- **Exercise**: No pictures, please: print exactly the lines from the one that contains "Gewoon een koude" through the last line of the listing.

- **Data extract**:
--
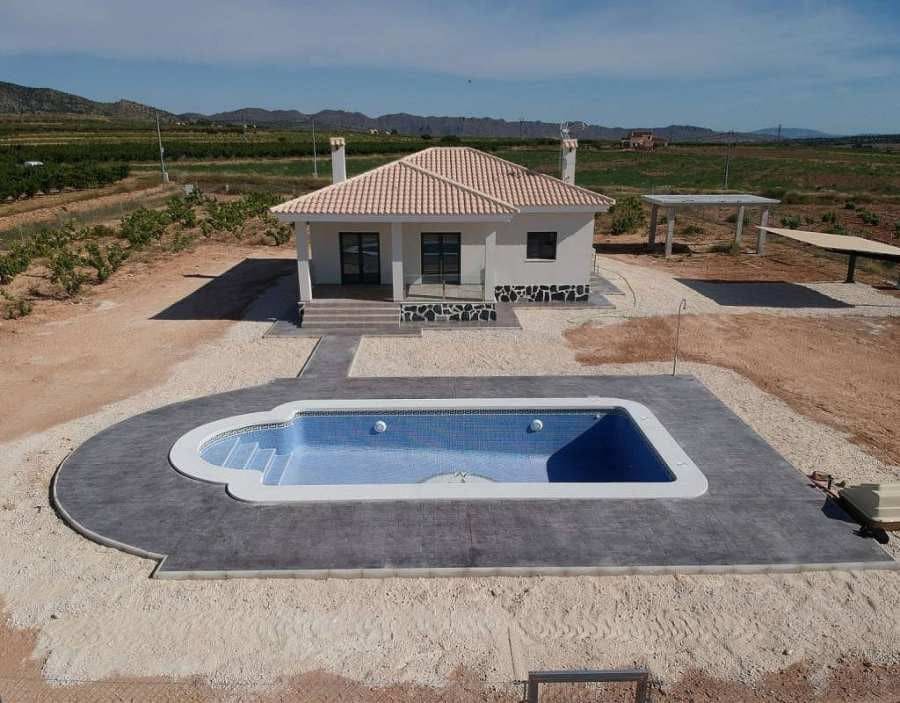 3 bedroom Villa for sale in Pinoso with pool garage - € 332,000 (Ref: 8894439)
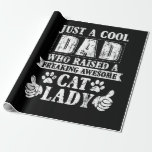 Gewoon een koude vader die een Geweldige kat opraa Cadeaupapier<br><div class="desc">Papa Gift | Gewoon een coole vader die een verdomd Geweldige kattendame opvoedde. Geef een cadeau voor je vader!! Grote Vader!</div>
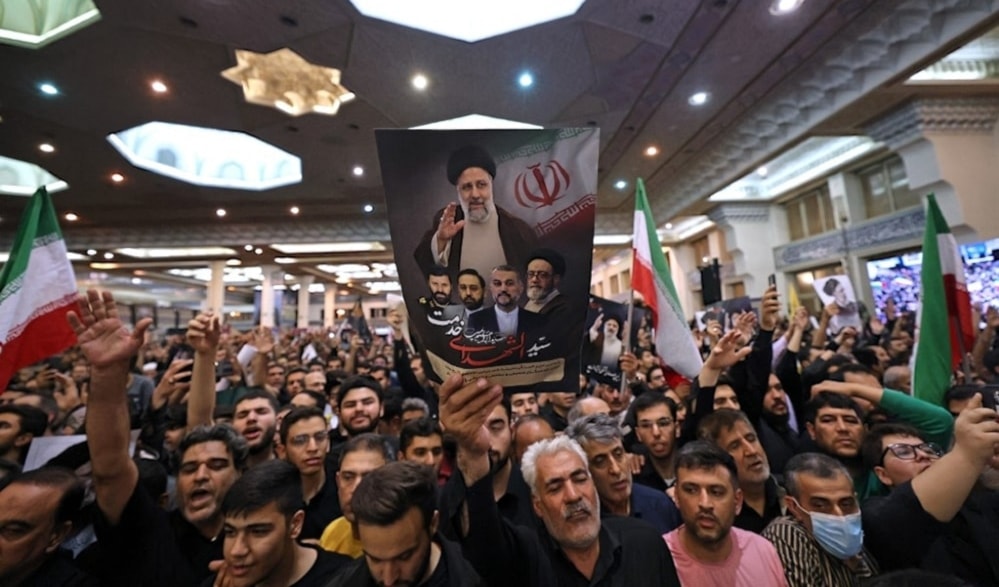 Una multitud de iraníes da el último adiós a sus mártires en la Universidad de Teherán.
--
- **Solved problem**:
 Gewoon een koude vader die een Geweldige kat opraa Cadeaupapier<br><div class="desc">Papa Gift | Gewoon een coole vader die een verdomd Geweldige kattendame opvoedde. Geef een cadeau voor je vader!! Grote Vader!</div>
 Una multitud de iraníes da el último adiós a sus mártires en la Universidad de Teherán.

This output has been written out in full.